Steintor: Großes Interesse an Infoveranstaltung

Rund 250 Personen fanden sich am 17. Februar 2016 im Alten Rathaus ein, um an einer Informations- und Diskussionsveranstaltung zur geplanten Bebauung des Steintorplatzes teilzunehmen.

Podium der Infoveranstaltung zur geplanten Bebauung des Steintors © LHH (Wydmuch)

Rund 250 Personen nahmen am 17. Februar an der Infoveranstaltung teil

Auf dem Podium saßen Undine Giseke (Landschaftsarchitektin von bgmr aus Berlin und Mitglied der Jury zum Wettbewerb Hannover City 2020+), Karin Kellner (Architektin ksw, Hannover), Prof. Markus Neppl (Stadtplaner von ASTOC aus Köln und Mitglied der Jury zum Wettbewerb Steintor und Lange Laube), Martin Prenzler (City-Gemeinschaft, Hannover), Wolfgang Schneider (Vorsitzender der Architektenkammer Niedersachsen und Architekt ASP, Hannover) und Christoph Schonhoff (Landschaftsarchitekt nsp, Hannover). Stadtbaurat Uwe Bodemann sorgte für die Einführung in das Thema. Bodemann nannte dabei zahlreiche Gründe, die für eine Bebauung des Platzes sprechen, vor allem die damit verbundene Schaffung von Wohnungen und Geschäftsflächen in der Innenstadt.

Austausch und Diskussion

Im Laufe der Diskussion wurden auch Bedenken gegenüber einer Bebauung geäußert – u.a. mit Blick auf einen dann eventuell nicht mehr möglichen Bau eines Stadtbahntunnels. Laut Bodemann sei eine solche Tunnellösung jedoch weiterhin möglich, sofern diese in Zukunft noch mal ein Thema werden würde. Die Befürchtung mancher Teilnehmenden, dass die Bebauung negative Folgen für das innerstädtische Klima haben könnte, soll mittels eines bereits in Auftrag gegebenen Klimagutachtens geklärt werden.

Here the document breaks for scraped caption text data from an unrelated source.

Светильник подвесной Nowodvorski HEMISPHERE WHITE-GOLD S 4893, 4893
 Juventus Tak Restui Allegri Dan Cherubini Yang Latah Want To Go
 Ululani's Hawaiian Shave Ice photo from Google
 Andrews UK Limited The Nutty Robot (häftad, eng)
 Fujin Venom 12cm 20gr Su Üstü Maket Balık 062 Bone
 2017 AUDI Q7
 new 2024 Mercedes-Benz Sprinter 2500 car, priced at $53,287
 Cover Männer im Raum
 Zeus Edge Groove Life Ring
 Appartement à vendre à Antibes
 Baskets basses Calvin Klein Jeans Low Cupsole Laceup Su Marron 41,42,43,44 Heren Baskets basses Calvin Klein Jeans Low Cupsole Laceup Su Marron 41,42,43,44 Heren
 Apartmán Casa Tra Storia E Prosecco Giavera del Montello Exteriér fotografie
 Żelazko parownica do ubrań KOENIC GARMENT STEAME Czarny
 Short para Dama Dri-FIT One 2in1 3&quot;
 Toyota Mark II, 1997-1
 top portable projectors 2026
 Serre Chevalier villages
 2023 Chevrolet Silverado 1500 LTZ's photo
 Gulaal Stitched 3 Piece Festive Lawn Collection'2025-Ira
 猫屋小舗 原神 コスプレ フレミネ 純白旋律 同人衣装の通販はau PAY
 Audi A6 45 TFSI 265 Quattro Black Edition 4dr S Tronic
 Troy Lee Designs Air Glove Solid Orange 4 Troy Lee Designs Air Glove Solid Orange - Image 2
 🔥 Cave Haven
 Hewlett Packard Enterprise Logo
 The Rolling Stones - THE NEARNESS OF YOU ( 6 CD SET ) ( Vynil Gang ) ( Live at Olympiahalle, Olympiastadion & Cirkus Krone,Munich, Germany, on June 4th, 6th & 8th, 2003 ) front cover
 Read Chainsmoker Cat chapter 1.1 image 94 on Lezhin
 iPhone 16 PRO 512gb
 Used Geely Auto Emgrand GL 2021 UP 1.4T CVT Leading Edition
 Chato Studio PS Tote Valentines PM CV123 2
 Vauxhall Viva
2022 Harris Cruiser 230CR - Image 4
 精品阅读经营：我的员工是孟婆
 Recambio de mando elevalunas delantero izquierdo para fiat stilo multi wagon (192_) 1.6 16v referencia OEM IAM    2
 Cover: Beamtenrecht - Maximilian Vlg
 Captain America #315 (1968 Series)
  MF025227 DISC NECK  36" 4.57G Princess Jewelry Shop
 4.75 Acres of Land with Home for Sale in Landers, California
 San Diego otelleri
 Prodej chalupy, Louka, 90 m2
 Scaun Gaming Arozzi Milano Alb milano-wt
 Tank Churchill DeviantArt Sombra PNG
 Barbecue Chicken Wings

Große Teile des Publikums stimmten jedoch überein, dass der Platz qualitativ aufgewertet werden muss, Veränderungen also nötig sind. In welcher Form dies geschieht, wird nun das weitere Verfahren zeigen.

Verlauf der Planung

Von Anfang Januar bis Anfang Februar 2016 hatten alle Bürgerinnen und Bürger Gelegenheit, die Planungsziele einzusehen, die mit der Bebauung verfolgt werden sollen. Auf postalischem und digitalem Weg hatten die Interessierten außerdem die Möglichkeit, Bedenken zu äußern und Anregungen zu geben. Diese Eingaben werden nun ausgewertet und im weiteren Verfahren berücksichtigt. Der Politik soll noch in diesem Jahr eine Beschlussfassung zur Umgestaltung des Steintorplatzes vorgelegt werden.